A dossier of illuminations and orientations relating to the work of Daniel O'Sullivan.

Saturday, January 15, 2011

Æ review in AQ

Latest record from this ever shifting sonic collective, still comprised of the core duo of Stephen O'Malley (SUNNO))), KTL, etc.) and Daniel O'Sullivan (Guapo, Mothlite), although this time the group is rounded out by Kristoffer Rygg, aka Garm from Ulver, plus percussionist Steve Noble.

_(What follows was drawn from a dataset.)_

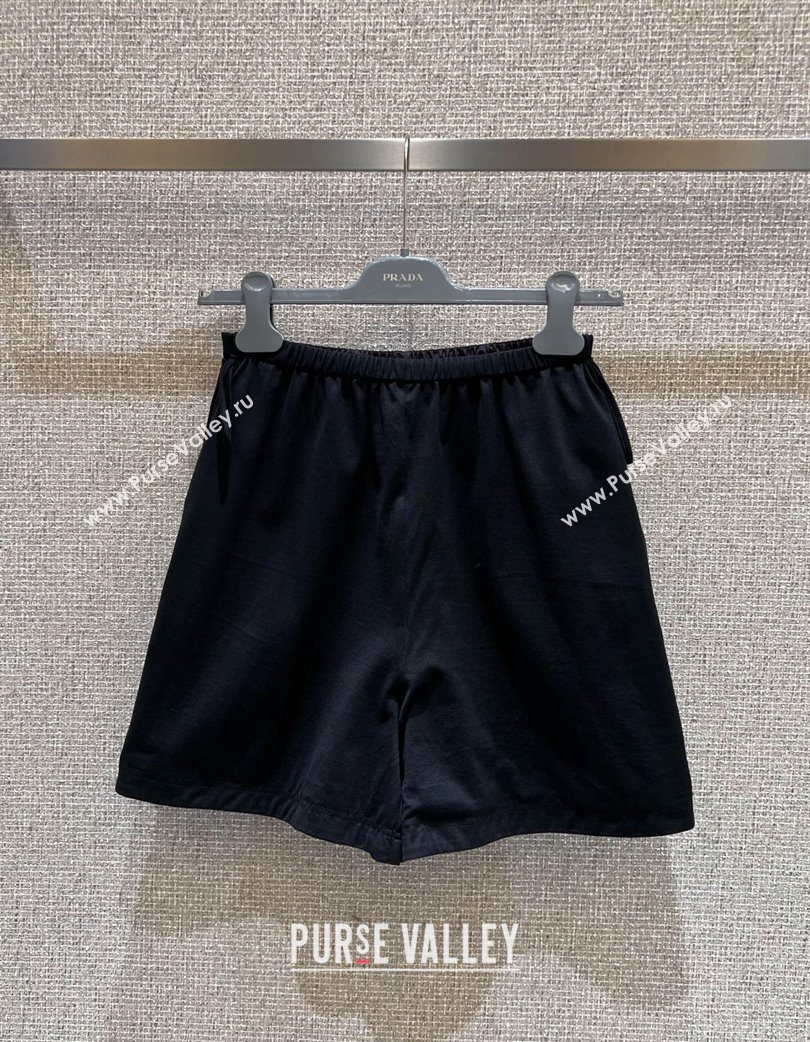 Prada Nylon and Cotton Reversible Shorts Black 2025 0728 (QI-250728024)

En Form For Bla is the result of several performances in Norway earlier this year, and finds the group shedding much of their previous heaviness in favor of a sound much more haunting and abstract, spaced out and introspective, the guitars less murky and muddy and massive, and more spidery and ethereal and minimal, laying out deep low end thrum and keening upper register shimmer. Rygg operates like a dub producer, electronically treating the sounds, while adding some of his own, the result is a constantly shifting landscape of drift and doom and pulsing heaviness and whirling almost free jazz sounding sonic exploration.

The big surprise here is Noble, who is all over the record, without overplaying, letting the record remain unstructured and abstract, while still moving it beyond mere static ambient improv, whether it's scattered bits of subtle skitter, thick clouds of shimmery cymbal or pulsing rhythmic pound, the band tend to creep and crawl, but when they do let loose it borders on Bitches Brew style jazz psychedelia, albeit a bit more blackened.

The overall sound is quite atmospheric and soundtracky, the melodies subtle, but the feelings they evoke not so much, stirring up dark clouds of sinister brood, and epic soaring cinematic mesmer, occasionally slipping into some minimal krautrock throb, like on the mesmerizing "Vivarium", and sounding a bit like a more low end heavy Necks (or maybe Supersilent), and then lurching into some giallo style mood music, on "Vyomagami Plume" and sounding like a deconstructed Goblin, a gently chaotic assemblage of heaving bass and twisted keyboards, of clattery percussion, and spaced out electronics, but all deftly woven into something moving and emotional and darkly compelling. Fantastic stuff.